* _What you are asked to do_: Using the records below, output the stretch that opens with the line containing "Noob Vs Pro Vs Hacker In" and closes with the line containing "bruder 62610 - Set", exactly and including both lines, with nothing more.

(Short text fragments from websites)
+++
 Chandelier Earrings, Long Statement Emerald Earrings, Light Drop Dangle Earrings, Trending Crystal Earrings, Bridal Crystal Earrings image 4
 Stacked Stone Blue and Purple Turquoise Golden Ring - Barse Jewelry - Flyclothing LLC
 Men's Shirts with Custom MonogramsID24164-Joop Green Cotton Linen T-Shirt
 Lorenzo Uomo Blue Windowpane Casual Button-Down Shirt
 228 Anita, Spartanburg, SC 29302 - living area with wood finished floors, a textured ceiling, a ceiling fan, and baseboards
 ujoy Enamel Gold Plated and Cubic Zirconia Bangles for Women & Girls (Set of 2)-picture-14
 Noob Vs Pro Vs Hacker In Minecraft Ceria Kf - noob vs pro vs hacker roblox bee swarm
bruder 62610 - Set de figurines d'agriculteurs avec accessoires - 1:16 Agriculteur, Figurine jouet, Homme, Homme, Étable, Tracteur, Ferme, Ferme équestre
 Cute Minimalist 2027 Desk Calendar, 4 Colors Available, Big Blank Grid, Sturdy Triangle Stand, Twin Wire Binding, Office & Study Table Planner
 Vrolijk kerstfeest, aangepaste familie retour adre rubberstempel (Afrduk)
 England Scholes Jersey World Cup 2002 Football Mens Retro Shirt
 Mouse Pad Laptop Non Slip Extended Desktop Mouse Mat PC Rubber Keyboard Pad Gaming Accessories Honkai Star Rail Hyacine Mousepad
+++
* _Exercise output_:
 Noob Vs Pro Vs Hacker In Minecraft Ceria Kf - noob vs pro vs hacker roblox bee swarm
bruder 62610 - Set de figurines d'agriculteurs avec accessoires - 1:16 Agriculteur, Figurine jouet, Homme, Homme, Étable, Tracteur, Ferme, Ferme équestre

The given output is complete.